(Beginning of SOURCE DATA)

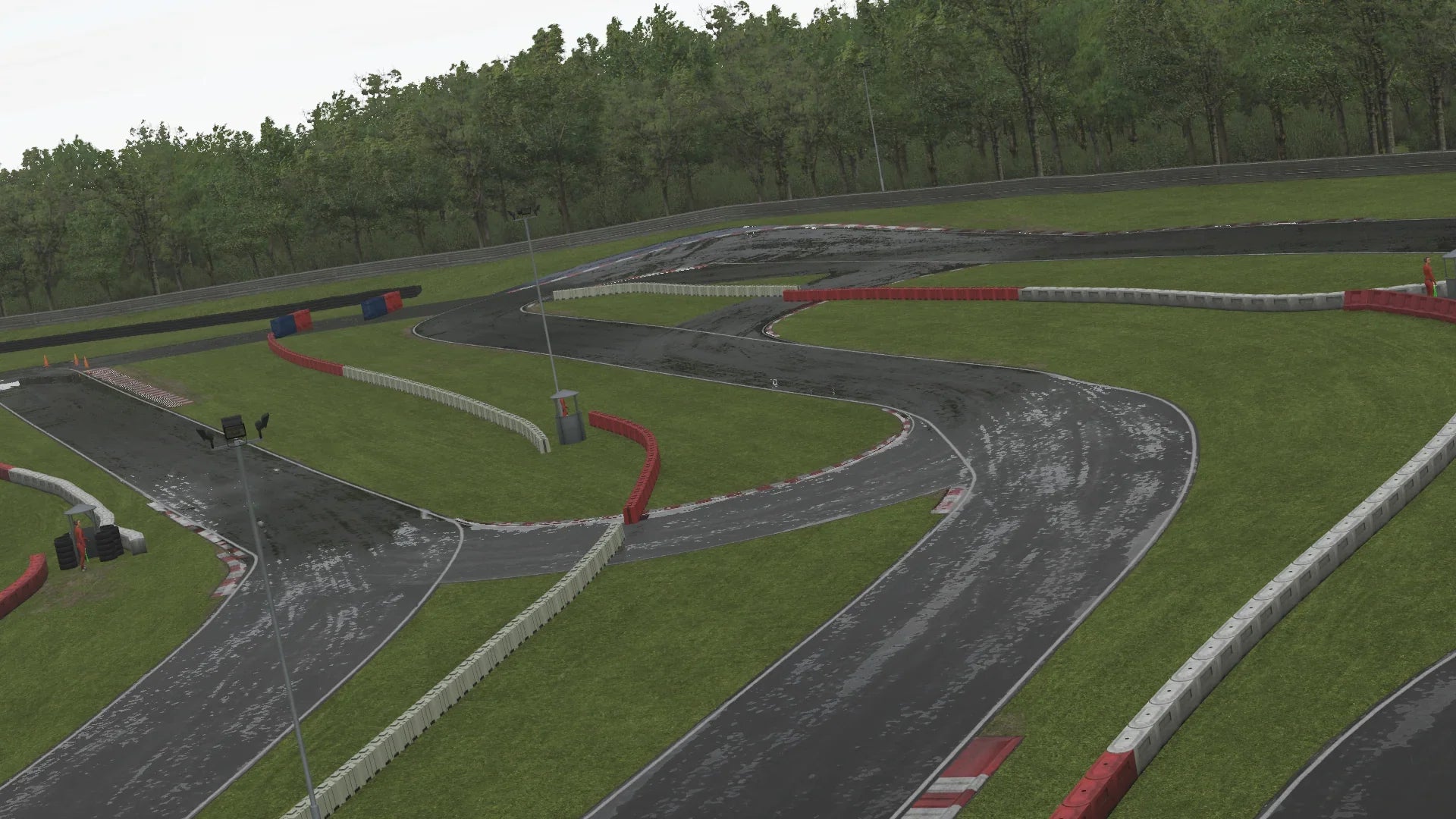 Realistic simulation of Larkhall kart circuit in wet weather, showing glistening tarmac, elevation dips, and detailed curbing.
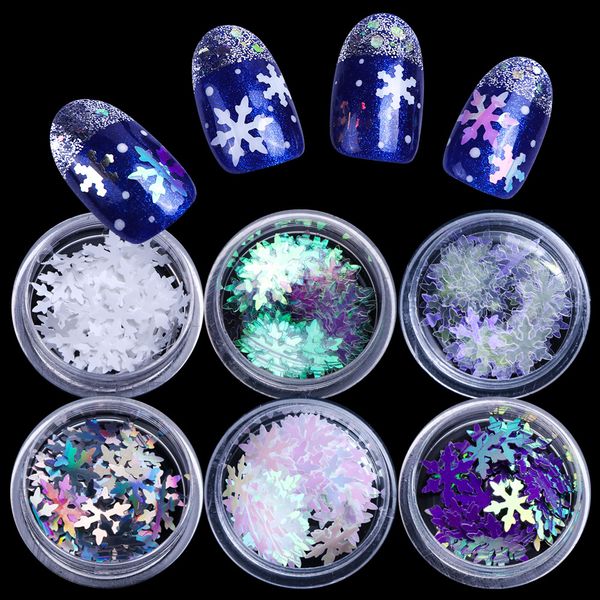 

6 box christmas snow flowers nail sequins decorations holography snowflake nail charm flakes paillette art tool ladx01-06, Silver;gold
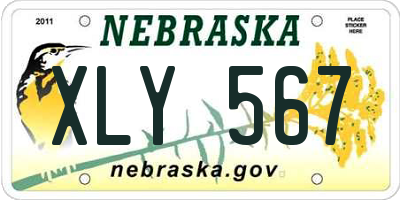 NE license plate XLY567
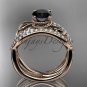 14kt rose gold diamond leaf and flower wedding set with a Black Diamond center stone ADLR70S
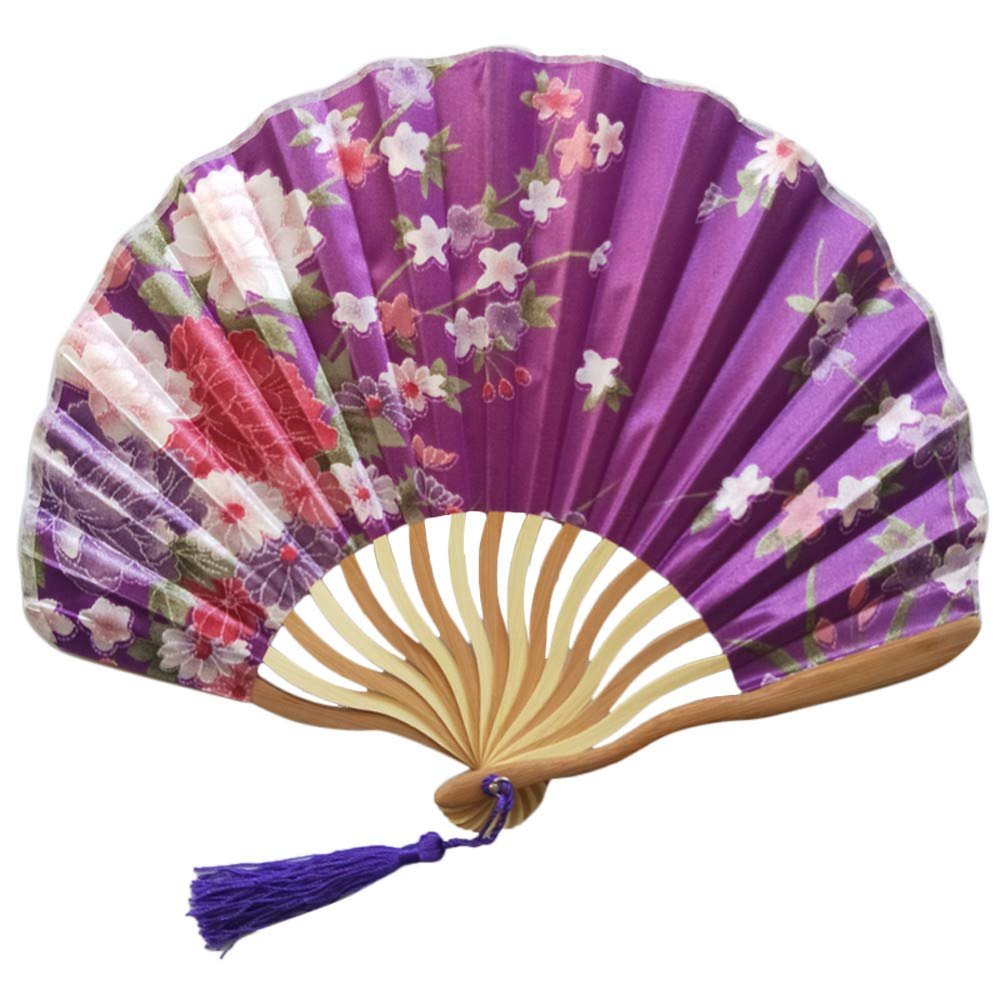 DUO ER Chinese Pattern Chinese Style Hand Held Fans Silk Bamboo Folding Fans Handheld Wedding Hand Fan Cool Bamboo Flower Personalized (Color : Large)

(End of SOURCE DATA)

EXERCISE DETAILS: Beginning at the line that contains "NE license plate XLY567" and ending at the last line of the data, return each line exactly; no picture belongs in the copy.

EXERCISE ANSWER:
 NE license plate XLY567
 14kt rose gold diamond leaf and flower wedding set with a Black Diamond center stone ADLR70S
 DUO ER Chinese Pattern Chinese Style Hand Held Fans Silk Bamboo Folding Fans Handheld Wedding Hand Fan Cool Bamboo Flower Personalized (Color : Large)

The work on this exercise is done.